I'm following along with a Youtube Computerphile buffer overflow tutorial to learn how it works. The tutorial says its in Kali, and I'm running Kali 64-bit to test it (I think he's running 32-bit).

He writes a simple program like this:

#include <stdio.h>
#include <string.h>

int main(int argc, char** argv) {

    char buffer[500];        
    strcpy(buffer, argv[1]);

    return 0;
}

Then after starting the program in GDB he runs:

(gdb) run $(python -c 'print "\x41" * 506')

and the result is a seg fault which shows that the return address was half overwritten with two 41's.

When I try to duplicate this, I need to change 506 to 522 in order to produce the same result. So my questions are:

1. Why does 506 only rewrite two bytes instead of three when he runs it?

2. Why do I need to write 522 bytes to overwrite 2 bytes in the return address? I think it has to do with him probably using 32-bit instead of 64-bit Kali, but I don't really understand how this difference adds up mathematically.

3. When I do disassemble main I see that after the function prologue is the instruction sub rsp, 0x210, so it looks like buffer is allocated to 528 bytes. Why this number in particular (his instead subs 0x1f4 which is exactly 500) and how does it relate to the above where greater than 520 bytes is needed to start rewriting the instruction pointer?

4. What is happening in the range of writing [500,520] bytes where it's more than the buffer size, but not yet writing over top of the instruction pointer?

Answer 1

A variation of this question is asked every month or so.

The thing is quite simple: Writing over a buffer's boundary leads to undefined behaviour, which might or might not involve a segmentation fault and overwriting any particular structure in memory.

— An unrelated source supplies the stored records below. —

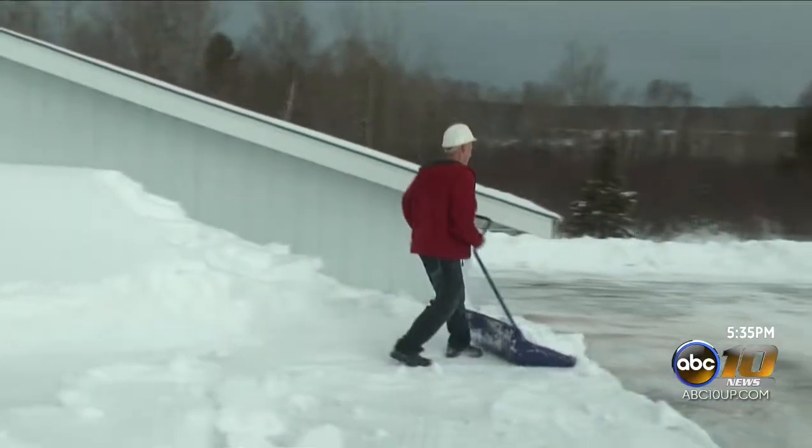The snow's kind of heavy, so 30, 40 pounds for a scoop load — a couple hundred scoop loads. It adds up pretty fast, before you know it there's a lot of weight.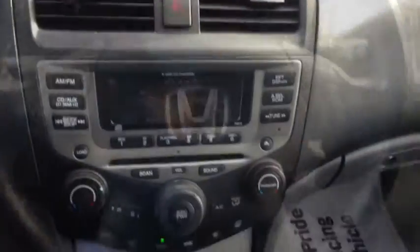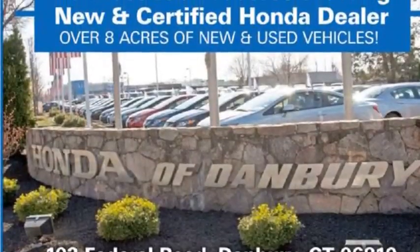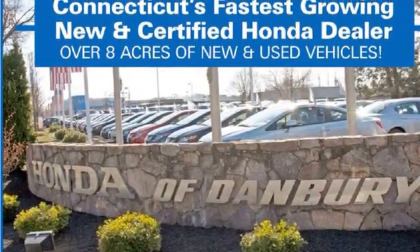It has cruise control and bike controls on the wheel. Again, my name is Joshua over at Honda Vanbury — come on by and take it for a test drive.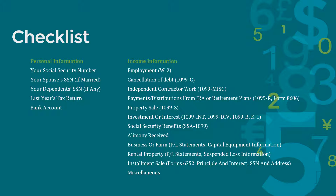If you had investment gains or losses, interest gains or dividends, you should receive your 1099-INT, 1099-DIV, 1099-B, or Schedule K-1 from your broker. If you received any social security benefits, you should have SSA 1099. If you received alimony, have a record of the total amount. If you own businesses or farms, have a profit and loss statement and capital equipment information for depreciation calculation. If you had any rental properties, you should have a profit and loss statement and suspended loss information.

The assumption that you make is that there's a mandatory memory layout that everyone uses, and that's simply not true, even less so with techniques like address space randomization, or compiler optimizations.

Hell, why should a main function store a traditional return address? It could probably be very well in-lined in the system-/compiler-/binary format-specific startup code.

If the compiler is clever, it'll even notice that argv[1] is only accessed by strcpy, which copies it to buffer – and then, considering nothing will access the address space at argv[1] anymore after main, will simply not allocate anything for buffer and simply use &(argv[1]) instead. And since that is used nowhere, your main() would be empty but for the return 0, a const expression, and hence the call to main could be replaced with writing 0 to eax or whatever your platform uses for return values.

Hate to tell you this, but: aside from pointing out that there can be, in fact, buffer overflows, it only gives something that works on a specific machine with a specific compiler version compiling a specific piece of code with a specific libc for a specific architecture. The result cannot be generalized.